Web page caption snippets
[Start of Attachment]

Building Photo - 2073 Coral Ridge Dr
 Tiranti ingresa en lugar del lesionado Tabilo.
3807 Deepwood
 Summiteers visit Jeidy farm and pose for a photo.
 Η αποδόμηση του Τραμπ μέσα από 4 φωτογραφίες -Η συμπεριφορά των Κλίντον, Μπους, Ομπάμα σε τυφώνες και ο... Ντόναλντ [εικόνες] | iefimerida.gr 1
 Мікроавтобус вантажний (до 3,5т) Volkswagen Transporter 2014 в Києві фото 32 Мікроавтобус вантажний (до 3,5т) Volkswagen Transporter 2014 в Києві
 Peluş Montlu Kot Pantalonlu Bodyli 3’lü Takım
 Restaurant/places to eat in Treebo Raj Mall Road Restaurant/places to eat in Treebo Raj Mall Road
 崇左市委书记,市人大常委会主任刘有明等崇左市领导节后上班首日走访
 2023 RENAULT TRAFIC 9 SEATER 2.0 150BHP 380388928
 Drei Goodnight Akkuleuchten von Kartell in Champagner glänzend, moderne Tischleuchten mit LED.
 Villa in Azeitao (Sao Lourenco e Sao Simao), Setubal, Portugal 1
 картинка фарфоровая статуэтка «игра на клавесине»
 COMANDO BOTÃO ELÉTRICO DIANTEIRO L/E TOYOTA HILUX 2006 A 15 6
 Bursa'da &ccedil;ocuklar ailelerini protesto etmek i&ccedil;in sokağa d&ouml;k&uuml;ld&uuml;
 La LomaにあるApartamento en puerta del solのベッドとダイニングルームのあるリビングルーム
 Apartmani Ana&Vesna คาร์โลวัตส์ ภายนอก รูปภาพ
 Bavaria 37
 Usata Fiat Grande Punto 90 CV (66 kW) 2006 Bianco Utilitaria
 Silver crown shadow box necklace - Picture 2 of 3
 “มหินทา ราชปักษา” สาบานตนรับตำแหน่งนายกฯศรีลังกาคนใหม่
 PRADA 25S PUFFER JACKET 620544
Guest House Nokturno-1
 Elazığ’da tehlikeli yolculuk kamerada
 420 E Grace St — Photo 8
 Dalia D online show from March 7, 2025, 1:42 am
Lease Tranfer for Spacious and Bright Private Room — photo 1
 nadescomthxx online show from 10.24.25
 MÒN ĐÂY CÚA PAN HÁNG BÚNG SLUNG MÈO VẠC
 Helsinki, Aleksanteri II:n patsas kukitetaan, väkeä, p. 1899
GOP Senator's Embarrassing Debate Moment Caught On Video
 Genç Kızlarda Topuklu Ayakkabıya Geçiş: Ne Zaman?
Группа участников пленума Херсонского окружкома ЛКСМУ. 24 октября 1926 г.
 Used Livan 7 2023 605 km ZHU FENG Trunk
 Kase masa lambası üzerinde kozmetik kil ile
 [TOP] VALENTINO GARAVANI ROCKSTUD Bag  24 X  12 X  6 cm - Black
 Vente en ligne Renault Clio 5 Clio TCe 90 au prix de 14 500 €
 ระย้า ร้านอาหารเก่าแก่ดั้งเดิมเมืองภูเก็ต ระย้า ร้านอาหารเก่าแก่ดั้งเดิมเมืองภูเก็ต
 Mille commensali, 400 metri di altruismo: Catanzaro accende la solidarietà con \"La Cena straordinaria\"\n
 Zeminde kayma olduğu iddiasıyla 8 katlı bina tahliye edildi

[End of Attachment]

— Task instructions —
Reproduce the entries exactly, each one as given.

— Solution for this task —
Building Photo - 2073 Coral Ridge Dr
 Tiranti ingresa en lugar del lesionado Tabilo.
3807 Deepwood
 Summiteers visit Jeidy farm and pose for a photo.
 Η αποδόμηση του Τραμπ μέσα από 4 φωτογραφίες -Η συμπεριφορά των Κλίντον, Μπους, Ομπάμα σε τυφώνες και ο... Ντόναλντ [εικόνες] | iefimerida.gr 1
 Мікроавтобус вантажний (до 3,5т) Volkswagen Transporter 2014 в Києві фото 32 Мікроавтобус вантажний (до 3,5т) Volkswagen Transporter 2014 в Києві
 Peluş Montlu Kot Pantalonlu Bodyli 3’lü Takım
 Restaurant/places to eat in Treebo Raj Mall Road Restaurant/places to eat in Treebo Raj Mall Road
 崇左市委书记,市人大常委会主任刘有明等崇左市领导节后上班首日走访
 2023 RENAULT TRAFIC 9 SEATER 2.0 150BHP 380388928
 Drei Goodnight Akkuleuchten von Kartell in Champagner glänzend, moderne Tischleuchten mit LED.
 Villa in Azeitao (Sao Lourenco e Sao Simao), Setubal, Portugal 1
 картинка фарфоровая статуэтка «игра на клавесине»
 COMANDO BOTÃO ELÉTRICO DIANTEIRO L/E TOYOTA HILUX 2006 A 15 6
 Bursa'da &ccedil;ocuklar ailelerini protesto etmek i&ccedil;in sokağa d&ouml;k&uuml;ld&uuml;
 La LomaにあるApartamento en puerta del solのベッドとダイニングルームのあるリビングルーム
 Apartmani Ana&Vesna คาร์โลวัตส์ ภายนอก รูปภาพ
 Bavaria 37
 Usata Fiat Grande Punto 90 CV (66 kW) 2006 Bianco Utilitaria
 Silver crown shadow box necklace - Picture 2 of 3
 “มหินทา ราชปักษา” สาบานตนรับตำแหน่งนายกฯศรีลังกาคนใหม่
 PRADA 25S PUFFER JACKET 620544
Guest House Nokturno-1
 Elazığ’da tehlikeli yolculuk kamerada
 420 E Grace St — Photo 8
 Dalia D online show from March 7, 2025, 1:42 am
Lease Tranfer for Spacious and Bright Private Room — photo 1
 nadescomthxx online show from 10.24.25
 MÒN ĐÂY CÚA PAN HÁNG BÚNG SLUNG MÈO VẠC
 Helsinki, Aleksanteri II:n patsas kukitetaan, väkeä, p. 1899
GOP Senator's Embarrassing Debate Moment Caught On Video
 Genç Kızlarda Topuklu Ayakkabıya Geçiş: Ne Zaman?
Группа участников пленума Херсонского окружкома ЛКСМУ. 24 октября 1926 г.
 Used Livan 7 2023 605 km ZHU FENG Trunk
 Kase masa lambası üzerinde kozmetik kil ile
 [TOP] VALENTINO GARAVANI ROCKSTUD Bag  24 X  12 X  6 cm - Black
 Vente en ligne Renault Clio 5 Clio TCe 90 au prix de 14 500 €
 ระย้า ร้านอาหารเก่าแก่ดั้งเดิมเมืองภูเก็ต ระย้า ร้านอาหารเก่าแก่ดั้งเดิมเมืองภูเก็ต
 Mille commensali, 400 metri di altruismo: Catanzaro accende la solidarietà con \"La Cena straordinaria\"\n
 Zeminde kayma olduğu iddiasıyla 8 katlı bina tahliye edildi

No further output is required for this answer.